Hallowed be Thy name - conto


Com referências a 
Divina Comédia, este conto fazia parte de um roteiro de jogo de escolhas criado em 2017.


Hallowed be Thy Name
O dia quente seria apenas uma ironia. Por volta de quatro horas da tarde o sol ainda estava escaldante, porém, os grandes muros de pedra assombreavam os infelizes, os guardando friamente em suas celas.  
Assim que o sino começa a soar, não há mais tempo para reflexão ou lamentações sobre a vida já passada: às 17h em pontoseus corpos estarão por um fio.  É difícil controlar o terror. Apesar de todos os gritos, risos e vaias, as únicas sensações são a respiração ofegante, o sangue palpitando, as línguas secas, a vontade de expelir um vômito de seus estômagos vazios e acima de tudo, o desespero. Quando não há mais a opção de fugir ou lutar, o que resta é aceitar. 
No momento em que o padre vem ler os ritos finais, olhando através das grades é possível visualizar apenas a última visão de um mundo injusto.  Uma vela é acesa.  A cela antes fria agora apresenta uma pequena chama: fica se consumindo, como se fosse um holocausto oferecido a Deus. - A luz de Cristo ilumina a todos!... Bendito seja o Pai, o Filho e o Espírito Santo, que ilumina e santifica nossas almas. – O padre as entrega, julgando a ida ao Pandemônio. Não há mais esperanças.  
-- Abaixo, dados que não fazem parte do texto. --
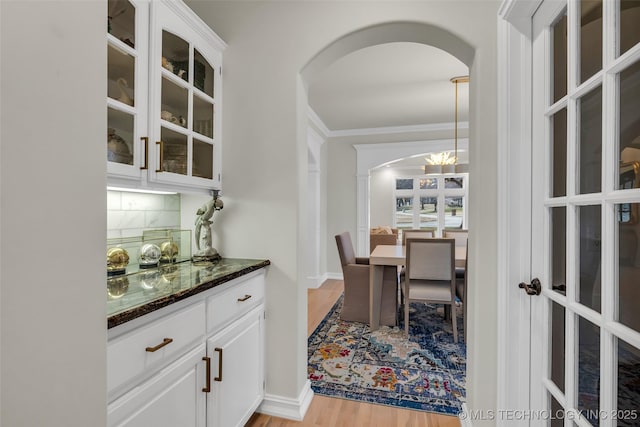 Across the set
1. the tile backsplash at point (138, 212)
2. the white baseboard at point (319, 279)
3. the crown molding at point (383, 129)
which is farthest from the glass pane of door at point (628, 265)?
the white baseboard at point (319, 279)

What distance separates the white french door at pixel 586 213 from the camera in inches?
29.5

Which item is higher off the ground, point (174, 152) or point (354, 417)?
point (174, 152)

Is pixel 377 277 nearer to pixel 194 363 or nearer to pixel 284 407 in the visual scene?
pixel 284 407

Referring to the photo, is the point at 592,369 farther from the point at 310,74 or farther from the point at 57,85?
the point at 310,74

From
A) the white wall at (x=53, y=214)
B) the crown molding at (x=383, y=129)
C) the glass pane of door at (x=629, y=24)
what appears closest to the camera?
the white wall at (x=53, y=214)

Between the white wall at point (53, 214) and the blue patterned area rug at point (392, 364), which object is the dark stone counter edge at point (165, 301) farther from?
the blue patterned area rug at point (392, 364)

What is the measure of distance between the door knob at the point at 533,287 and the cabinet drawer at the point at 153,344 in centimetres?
135

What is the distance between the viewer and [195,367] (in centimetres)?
126

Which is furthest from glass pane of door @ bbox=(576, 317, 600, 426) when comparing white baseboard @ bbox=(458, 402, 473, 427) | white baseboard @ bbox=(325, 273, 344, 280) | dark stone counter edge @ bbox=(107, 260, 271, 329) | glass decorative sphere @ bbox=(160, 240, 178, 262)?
white baseboard @ bbox=(325, 273, 344, 280)

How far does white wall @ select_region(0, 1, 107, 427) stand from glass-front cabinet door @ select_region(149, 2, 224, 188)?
923 mm

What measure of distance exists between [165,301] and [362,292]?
2.59 meters

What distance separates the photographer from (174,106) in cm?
156

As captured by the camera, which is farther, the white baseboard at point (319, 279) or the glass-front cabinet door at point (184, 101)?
the white baseboard at point (319, 279)

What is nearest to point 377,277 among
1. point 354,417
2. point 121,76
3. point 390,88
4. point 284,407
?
point 354,417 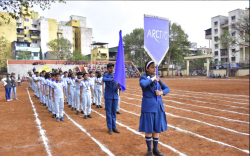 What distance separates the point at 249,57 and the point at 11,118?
46.1 m

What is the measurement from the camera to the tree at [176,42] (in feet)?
143

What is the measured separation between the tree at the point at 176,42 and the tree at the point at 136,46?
20.1 ft

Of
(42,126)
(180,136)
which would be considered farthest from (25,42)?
(180,136)

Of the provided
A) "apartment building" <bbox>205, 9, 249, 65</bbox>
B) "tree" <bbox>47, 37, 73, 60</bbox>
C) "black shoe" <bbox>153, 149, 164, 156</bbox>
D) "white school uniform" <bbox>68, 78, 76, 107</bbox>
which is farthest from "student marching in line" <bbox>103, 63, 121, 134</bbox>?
"apartment building" <bbox>205, 9, 249, 65</bbox>

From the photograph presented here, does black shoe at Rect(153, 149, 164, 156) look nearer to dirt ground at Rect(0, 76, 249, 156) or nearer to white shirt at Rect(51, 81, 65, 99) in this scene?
dirt ground at Rect(0, 76, 249, 156)

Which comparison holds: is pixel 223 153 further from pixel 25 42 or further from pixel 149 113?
pixel 25 42

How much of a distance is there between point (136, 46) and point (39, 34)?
84.0 feet

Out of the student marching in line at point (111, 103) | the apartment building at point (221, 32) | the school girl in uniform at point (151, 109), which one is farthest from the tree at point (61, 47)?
the school girl in uniform at point (151, 109)

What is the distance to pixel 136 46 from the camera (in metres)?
49.8

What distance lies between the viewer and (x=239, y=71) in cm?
3528

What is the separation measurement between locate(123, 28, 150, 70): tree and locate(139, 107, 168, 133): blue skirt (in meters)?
45.4

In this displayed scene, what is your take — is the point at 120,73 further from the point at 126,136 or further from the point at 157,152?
the point at 157,152

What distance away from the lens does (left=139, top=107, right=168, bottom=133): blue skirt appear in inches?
137

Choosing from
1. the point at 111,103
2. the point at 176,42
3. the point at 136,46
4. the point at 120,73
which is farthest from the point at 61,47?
the point at 120,73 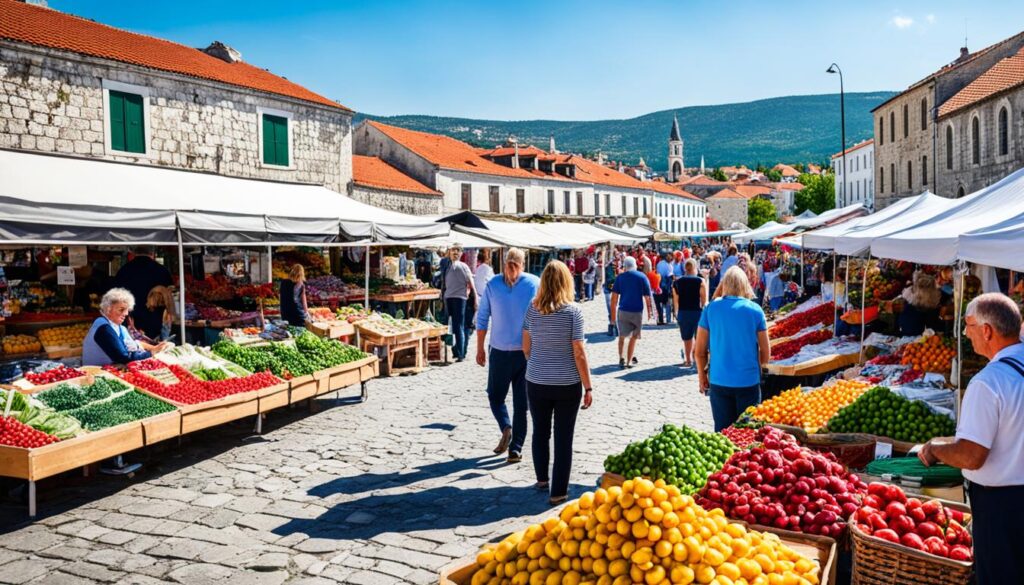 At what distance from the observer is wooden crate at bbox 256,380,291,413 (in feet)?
27.1

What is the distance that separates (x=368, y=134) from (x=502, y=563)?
41.6 metres

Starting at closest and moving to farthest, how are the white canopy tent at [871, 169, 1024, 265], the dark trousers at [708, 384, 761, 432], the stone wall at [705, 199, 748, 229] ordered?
the white canopy tent at [871, 169, 1024, 265] → the dark trousers at [708, 384, 761, 432] → the stone wall at [705, 199, 748, 229]

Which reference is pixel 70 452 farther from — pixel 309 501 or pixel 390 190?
pixel 390 190

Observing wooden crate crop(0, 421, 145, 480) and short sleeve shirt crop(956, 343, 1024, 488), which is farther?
wooden crate crop(0, 421, 145, 480)

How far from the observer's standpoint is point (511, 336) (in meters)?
6.99

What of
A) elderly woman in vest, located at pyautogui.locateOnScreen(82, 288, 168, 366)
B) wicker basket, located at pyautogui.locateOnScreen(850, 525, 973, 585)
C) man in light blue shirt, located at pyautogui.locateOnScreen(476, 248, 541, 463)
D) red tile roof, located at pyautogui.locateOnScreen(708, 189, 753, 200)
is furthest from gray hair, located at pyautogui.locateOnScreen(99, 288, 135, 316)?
red tile roof, located at pyautogui.locateOnScreen(708, 189, 753, 200)

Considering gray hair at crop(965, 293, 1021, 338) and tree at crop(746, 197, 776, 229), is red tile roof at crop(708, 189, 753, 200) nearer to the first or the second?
tree at crop(746, 197, 776, 229)

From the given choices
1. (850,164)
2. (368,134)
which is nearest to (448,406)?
(368,134)

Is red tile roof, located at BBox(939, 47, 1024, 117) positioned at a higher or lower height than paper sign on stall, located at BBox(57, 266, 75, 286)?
higher

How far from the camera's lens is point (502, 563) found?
3.38m

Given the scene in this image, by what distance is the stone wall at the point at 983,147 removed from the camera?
31438 millimetres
 Enquanto guardas os conduzem ao pátio, alguém grita de uma cela: "Deus esteja com você!". Se existe um Deus, porque ele os deixaria morrer? A multidão clama por suas mortes, e com o laço sobre o pescoço, o fim é inevitável. 
*** 
      As vértebras cervicais rompidas e uma secção da medula espinhal param a função respiratória, provocando uma morte rápida, apesar dos olhos saltados e da língua inchada e fora da boca.     Após alguns segundos sem conseguir enxergar, apenas é possível visualizar uma grande entrada, com a advertência “Deixai toda a esperança, ó vós que entrais”. O lugar, que lembra uma selva escura, guarda em seus detalhes inúmeros insetos: larvas roem o resto de carniça que sobra pelo chão, moscas criam um barulho infernal, juntamente com gritos e bestas que se alimentam da dor humana. Carregados, então, os pobres homens entram para o que é chamado de Antessala do Mal: onde indecisos e covardes que não podem ir nem para o céu nem para as trevas agonizam. Picados por enxames de vespas, pessoas correm sem parar, enquanto o sangue das picadas mistura-se a lágrimas e escorre até os pés, que são roídos por vermes.  
Ao começar o sofrimento, um barco lentamente navega em um rio pantanoso e cinzento, conduzido por Caronte. Ao lado, uma montanha formada com rochas pontiagudas adquire coloração avermelhada como resultado da incidência da luz vinda do fogo sobre o a pedra úmida. O forte cheiro de ferrugem denuncia que o líquido não é água. - Almas ruins, vim vos buscar para o castigo eterno! – Os pensamentos de terror são interrompidos pelo barqueiro dos mortos. Mortos pelo mártir, seus corpos corroem ao pensar na vingança para um Deus que os deixa sofrer. Se houvessem pupilas, elas estariam dilatadas. Mas tudo era composto por suas mentes. Nada era real. Eram todos escravos de sinapses.  
Enquanto seus próprios demônios queimavam suas mentes, tudo o que importava era a vingança saciada pela carniça. Numa tentativa de desforra, a advertência é dada ao barqueiro, que apenas ri. 
O barco navega por trás das montanhas. Existem fendas quase imperceptíveis. As pedras polidas pela ação do tempo aparentam ser escorregadias como gelo. Mas tudo começa a se desmoronar. 
-Eu sou real? - a sensação de vazio os corrompe. 
De repente, a dor não existe mais. Beatos, demônios, deuses. Não existem. 
Apenas o que restou de suas consciências. Formando O Tudo. 
 Você não é seu corpo. 
Quando você souber que sua hora está chegando, talvez você comece a entender que a vida é apenas uma estranha ilusão.